Thank you for the work put into this document.

Please find below some non-blocking COMMENT points (but replies would be appreciated even if only for my own education), and one nit.

Special thanks to János Farkas for the shepherd's detailed write-up including the WG consensus and the justification of the intended status.

Other thanks to Roman Danyliw as the acting AD ;-)

I hope that this review helps to improve the document,

Regards,

-éric

# COMMENTS (non-blocking)

## Section 1

Is the 1st paragraph defining what is OAM a little too light ? Operations cover more than performance monitoring. But, this is not critical for this I-D.

## Section 2.1

Should there be a reference for diff serv and ICMPv[46]?

Isn't it a little weird to use in an IP-only document the sentence `MPLS networks providing LSP connectivity between DetNet nodes are an example of the underlay layer` ?

## Section 3

I will let my fellow OPS ADs to chime in, but `OAM protocols and mechanisms act within the data plane of the particular networking layer` is of course applicable for the in-path monitoring part of OAM, but probably not for the control part of OAM, e.g., netconf can be in a separate plane.

What about the use of IPv6 flow label ? Would it help for the IPv6 flows ?

## Section 3.1

While I am far from being a "flow hash" expert, is it really possible for compute UDP ports having the same hash value ? Especially when most vendors do not make their flow hash algorithms public ?

To be honest, the intent of sections 3.1 to 3.4 are unclear to me, hence my above question.

## Section 7

I was really about to raise a DISCUSS for this, but it is too trivial to fix: please either remove this section or add some contents.

# NITS (non-blocking / cosmetic)

## Oxford comma ?

Should there be an Oxford comma in `Administration and Maintenance`? Notably in the title and other places.
Martin Duke Former IESG member
No Objection
No Objection (2024-02-12 for -12) Sent
Thanks to Bernard Adoba for the TSVART review.

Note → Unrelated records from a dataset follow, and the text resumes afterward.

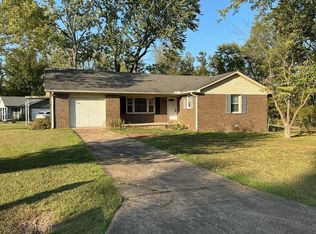 47 Coffman Dr, Jackson, TN 38301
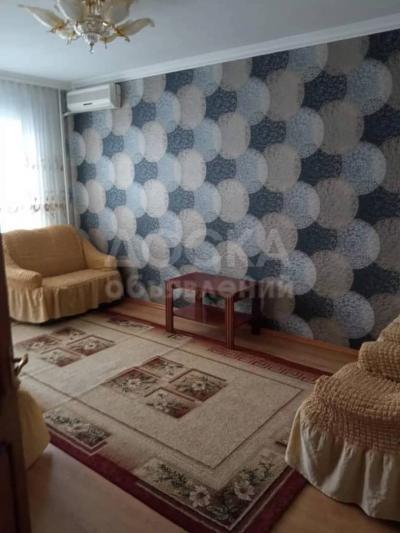 Продаю 3-комнатную квартиру, 80кв. м., этаж - 8/9, центральная мечеть .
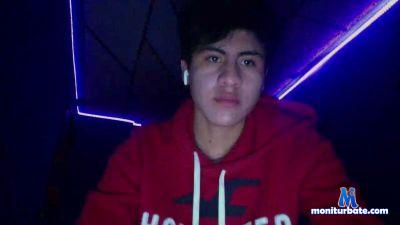 HoneyEsteban1 cam4 straight performer from Republic of Colombia  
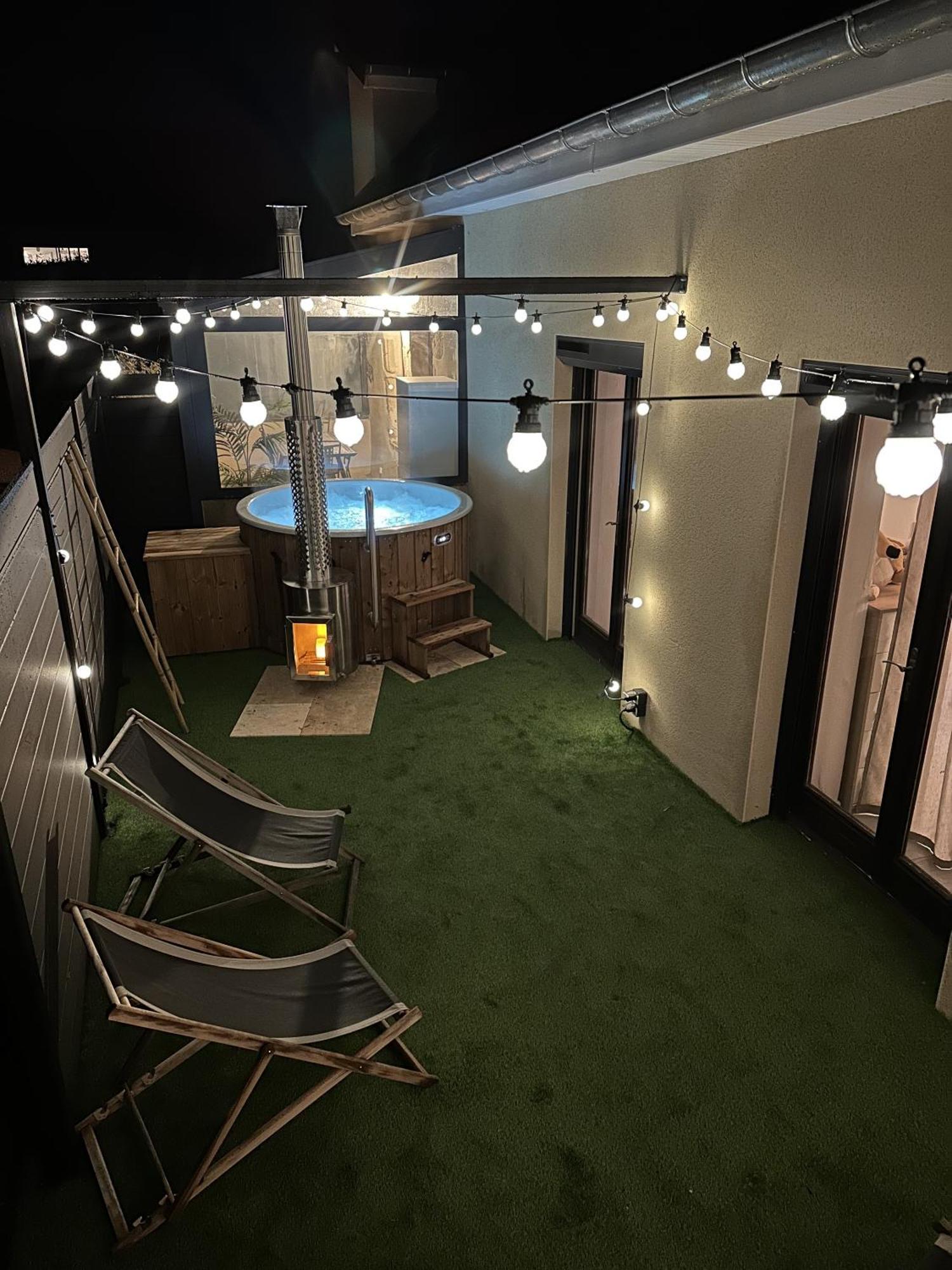 Le Lodge Spa Saint-Laurent-d'Andenay エクステリア 写真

This document seems to be a very long version of the sentence "make sure your OAM flows hash the same as your data flows", but I see no transport issues.
Robert Wilton Former IESG member
No Objection
No Objection (2024-02-13 for -12) Sent
Hi,

Thanks for this document.  Just a few minor comments.

Minor level comments:

(1) p 5, sec 3.4.  Active OAM Using GRE-in-UDP Encapsulation

   [RFC8086] has defined the method of encapsulating GRE (Generic
   Routing Encapsulation) headers in UDP.  GRE-in-UDP encapsulation can
   be used for IP DetNet OAM as it eases the task of mapping an OAM test
   session to a particular IP DetNet flow that is identified by N-tuple.
   Matching a GRE-in-UDP tunnel to the monitored IP DetNet flow enables
   the use of Y.1731/G.8013 [ITU-T.1731] as a comprehensive toolset of
   OAM.  The Protocol Type field in GRE header must be set to 0x8902
   assigned by IANA to IEEE 802.1ag Connectivity Fault Management (CFM)
   Protocol / ITU-T Recommendation Y.1731.  Y.1731/G.8013 supports
   necessary for IP DetNet OAM functions, i.e., continuity check, one-
   way packet loss and packet delay measurement.

A few minor comments on this paragraph:

1. The section title is about "Active OAM Using GRE-in-UDP Encapsulation" but the text seems to be more specifically referring to Y.1731.  Should the title of the section be refined?

2. Perhaps "set to 0x8902 assigned" => "set to 0x8902, assigned"

3. The last sentence of the paragraph doesn't scan properly.


(2) p 6, sec 7.  Acknowledgment

   TBA

Just a note that this is still blank, and you may want to remove this section if you don't wish to acknowledge anyone.